▸ Activity: The output must consist only of the lines from the one with "Used Asics Gel-Trabuco" through the end of the listing, restated exactly and free of pictures.

═══

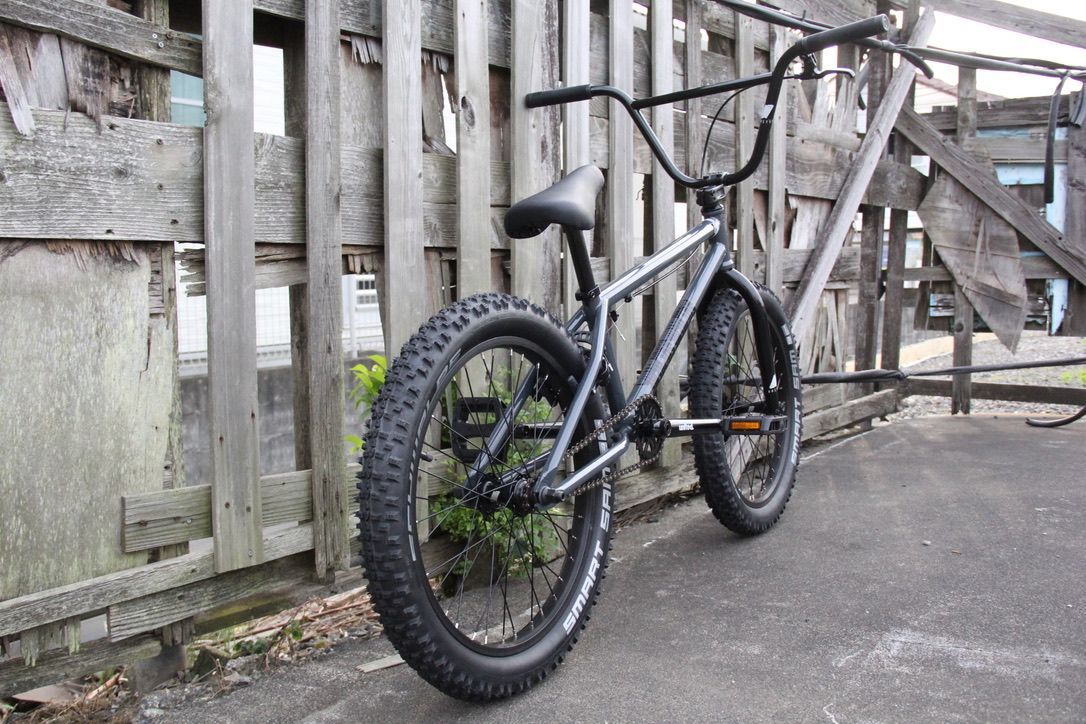 自転車 BMX20インチUNITED SUPREME DIRT GRAPHITE www.krzysztofbialy.com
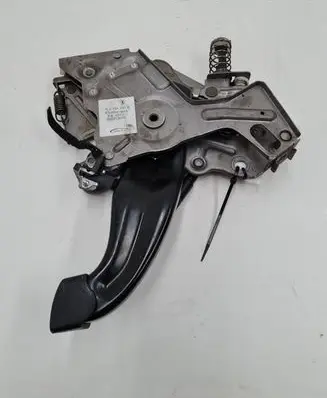 Volkswagen Touareg I Handbrake/parking brake lever assembly 7L0721797E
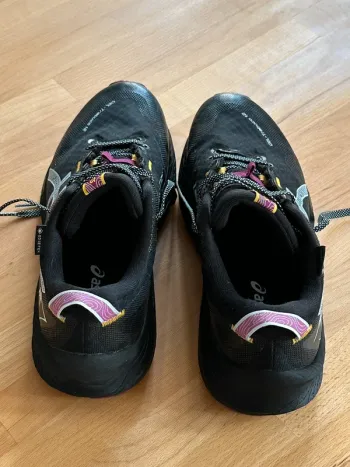 Used Asics Gel-Trabuco 12 GTX bike — image 2 of 4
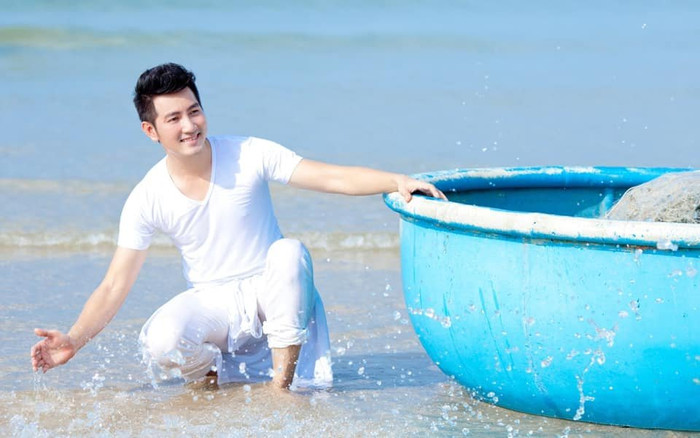 Sống độc thân trong biệt thự hơn 3.000 m2, ca sĩ Nguyễn Phi Hùng chia sẻ: 'Tôi chậm trong chuyện cưa gái' Ảnh 2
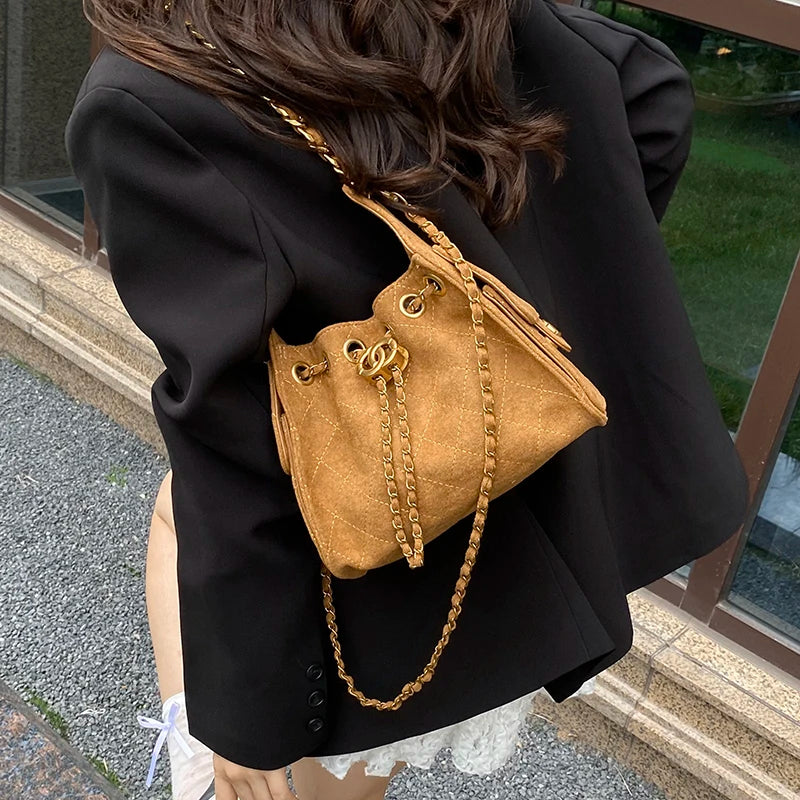 High-Quality Leather Women's Handbag Classic Elegant Design By Famous Designer Luxury Brand For Stylish Ladies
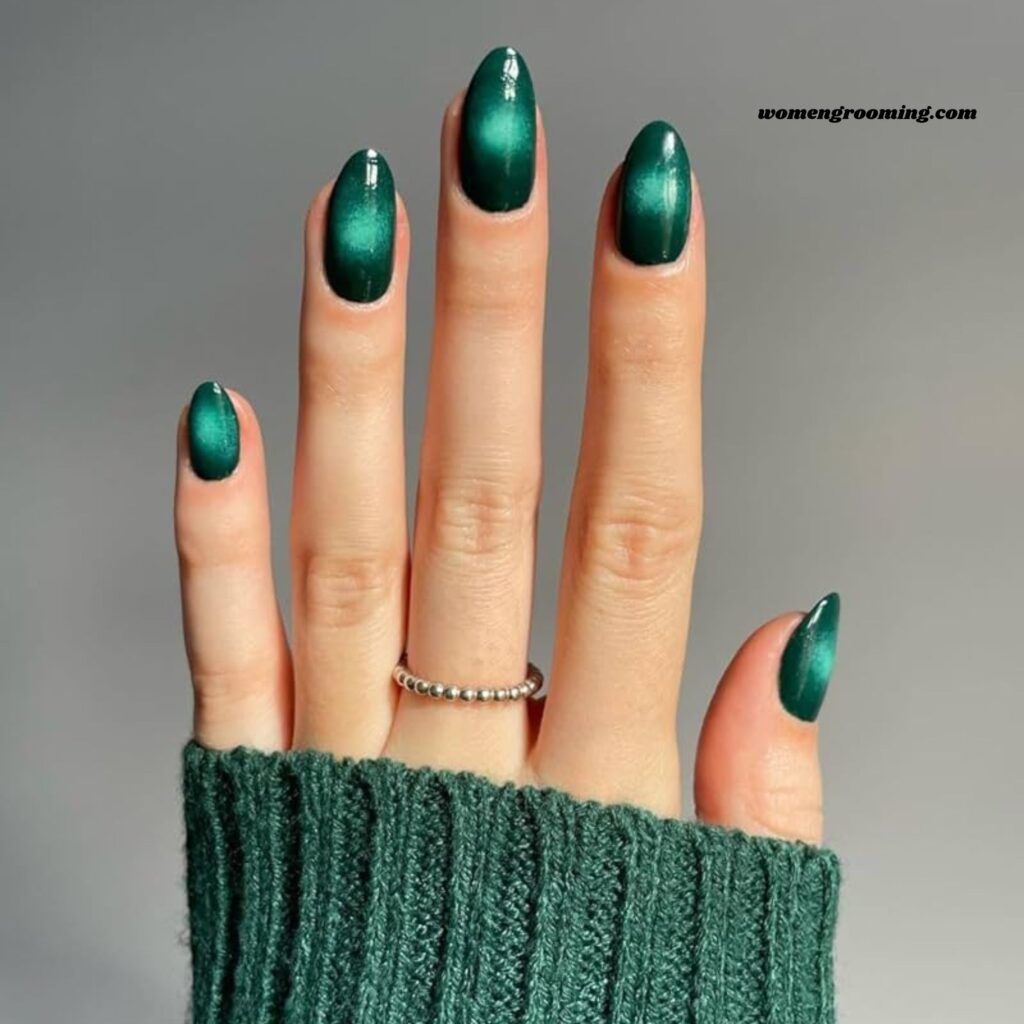 Forest Green Cat Eye Nails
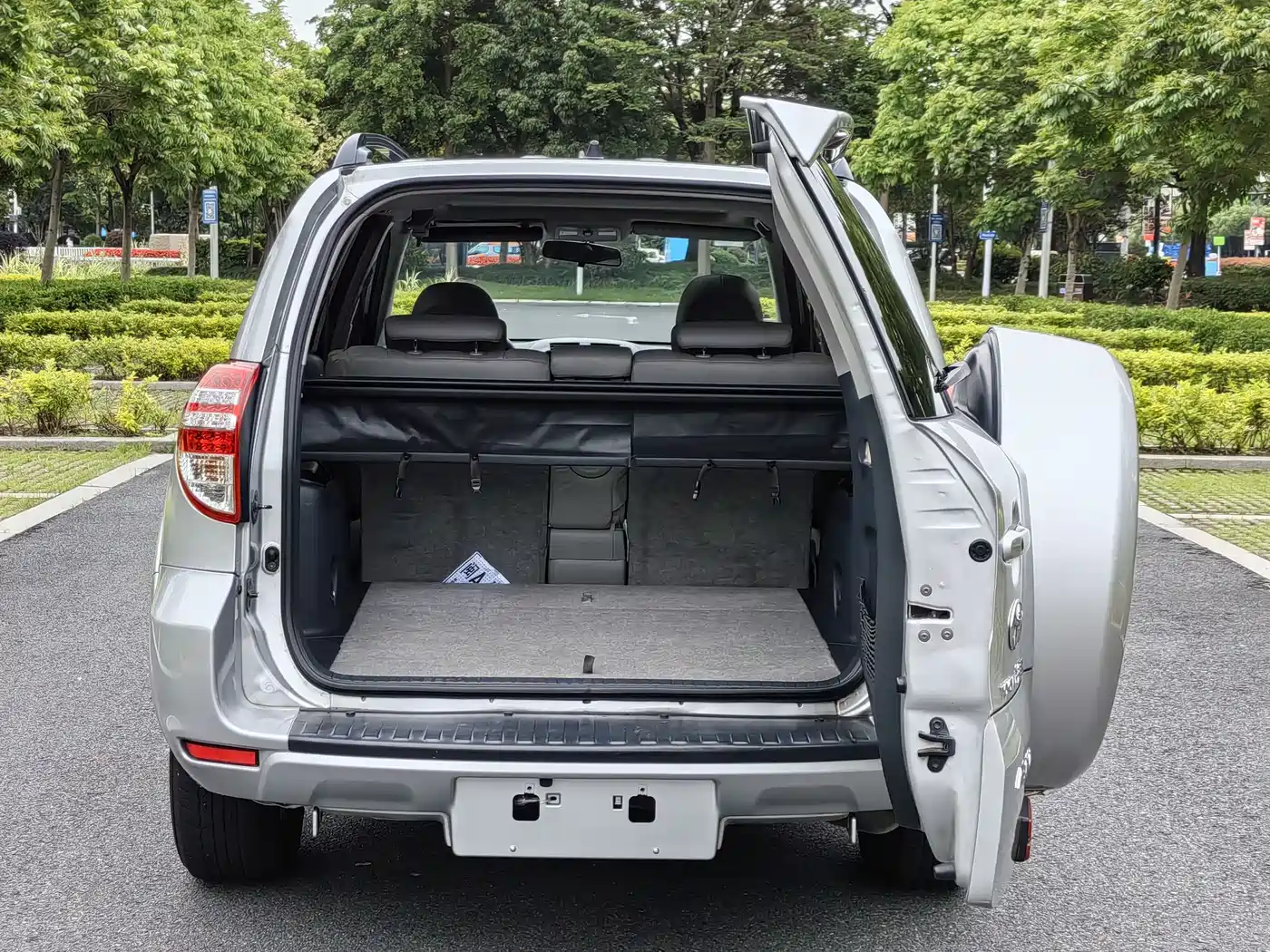Toyota RAV4 Rongfang 2009 2.4L Automatic Luxury Edition фото 8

═══

▸ Task solution:
 Used Asics Gel-Trabuco 12 GTX bike — image 2 of 4
 Sống độc thân trong biệt thự hơn 3.000 m2, ca sĩ Nguyễn Phi Hùng chia sẻ: 'Tôi chậm trong chuyện cưa gái' Ảnh 2
 High-Quality Leather Women's Handbag Classic Elegant Design By Famous Designer Luxury Brand For Stylish Ladies
 Forest Green Cat Eye Nails
Toyota RAV4 Rongfang 2009 2.4L Automatic Luxury Edition фото 8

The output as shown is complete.